Touch contact and pressure are essential for understanding how humans interact with and manipulate objects, insights which can significantly benefit applications in mixed reality and robotics. However, estimating these interactions from an egocentric camera perspective is challenging, largely due to the lack of comprehensive datasets that provide both accurate hand poses on contacting surfaces and detailed annotations of pressure information. In this paper, we introduce EgoPressure, a novel egocentric dataset that captures detailed touch contact and pressure interactions. EgoPressure provides high-resolution pressure intensity annotations for each contact point and includes accurate hand pose meshes obtained through our proposed multi-view, sequence-based optimization method processing data from an 8-camera capture rig. Our dataset comprises 5 hours of recorded interactions from 21 participants captured simultaneously by one head-mounted and seven stationary Kinect cameras, which acquire RGB images and depth maps at 30 Hz. To support future research and benchmarking, we present several baseline models for estimating applied pressure on external surfaces from RGB images, with and without hand pose information. We further explore the joint estimation of the hand mesh and applied pressure. Our experiments demonstrate that pressure and hand pose are complementary for understanding hand-object interactions. ng of hand-object interactions in AR/VR and robotics research. Project page: \url{https://yiming-zhao.github.io/EgoPressure/}.
Paper Structure (49 sections, 8 equations, 36 figures, 10 tables, 1 algorithm)

This paper contains 49 sections, 8 equations, 36 figures, 10 tables, 1 algorithm.

Figures (36)

  • Figure 1: The EgoPressure dataset. We introduce a novel egocentric pressure dataset with hand poses. We label hand poses using our proposed optimization method across all static camera views (Cameras 1–7). The annotated hand mesh aligns well with the egocentric camera's view, indicating the high fidelity of our annotations.

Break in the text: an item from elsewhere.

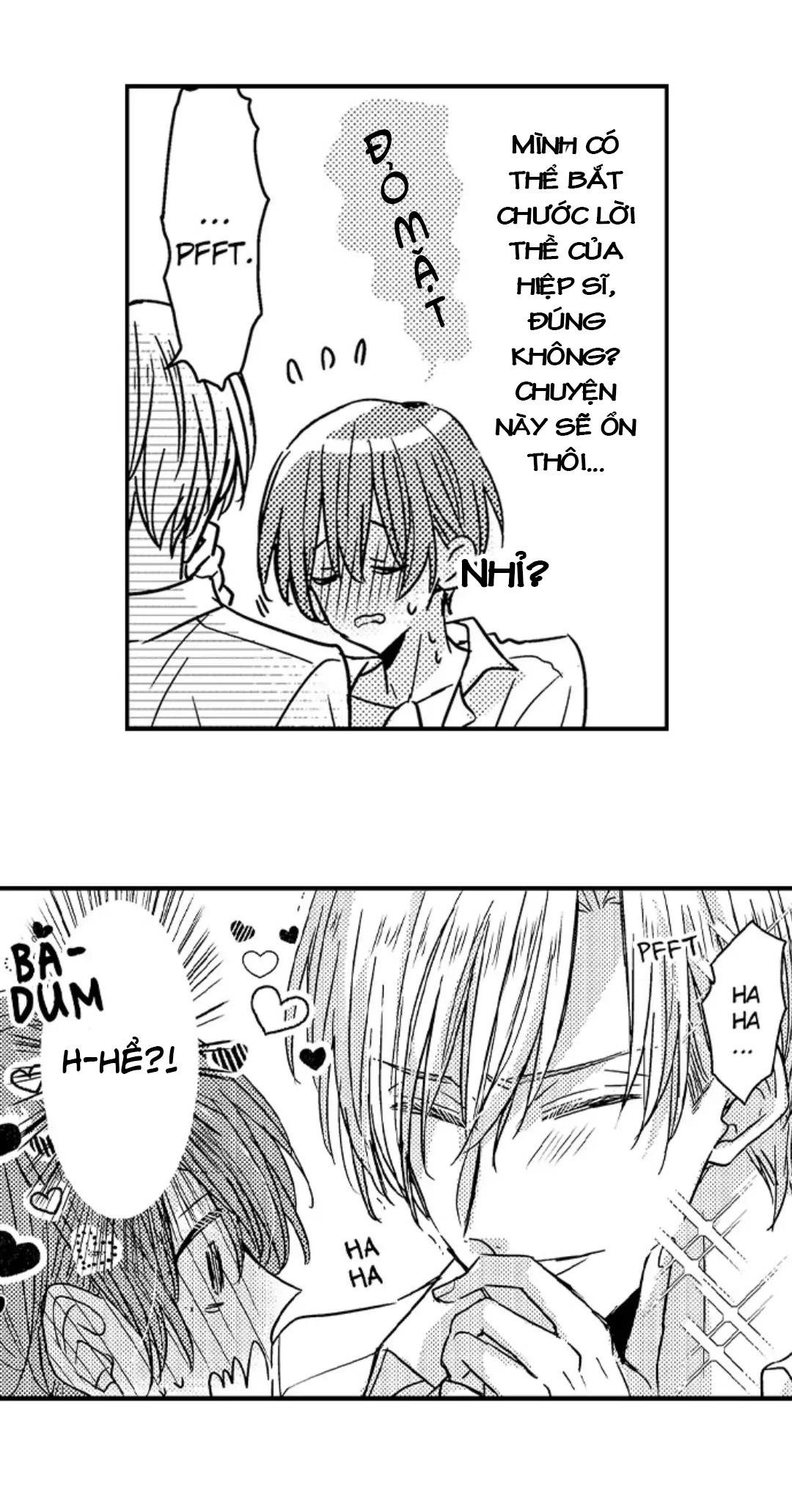 chàng hoàng tử hoàn hảo yêu tôi, tình địch của anh ta? chapter 30 13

We project the pressure intensity and annotated hand mesh (Fig. i) to all camera views (Fig. a to h), and further provide the pressure applied over the hand as a UV texture map (Fig. j and k).
  • Figure 2: Method overview. The input for our annotation method consists of RGB-D images captured by 7 static Azure Kinect cameras and the pressure frame from a Sensel Morph touchpad. We leverage Segment-Anything sam and HaMeR hamer to obtain initial hand poses and masks. We refine the initial hand pose and shape estimates through differentiable rasterization dibr optimization across all static camera views. Using an additional virtual orthogonal camera placed below the touchpad, we reproject the captured pressure frame onto the hand mesh by optimizing the pressure as a texture feature of the corresponding UV map, while ensuring contact between the touchpad and all contact vertices.
  • Figure 3: 7 static + 1 egocentric camera rig
  • Figure 4: Camera pose tracking with IR makers
  • Figure 5: (a) t-SNE van2008visualizing visualization of hand pose frames $\theta$ over our dataset, with color coding for different gestures. All gestures are listed in Table \ref{['tab:gestures']} of the supplementary material. (b) Ratio of touch frames with contact for each vertex. (c) Maximum pressure over hand vertices across dataset. (d) Mean length of performed gestures. (e) Distribution of $\beta$ values across participants.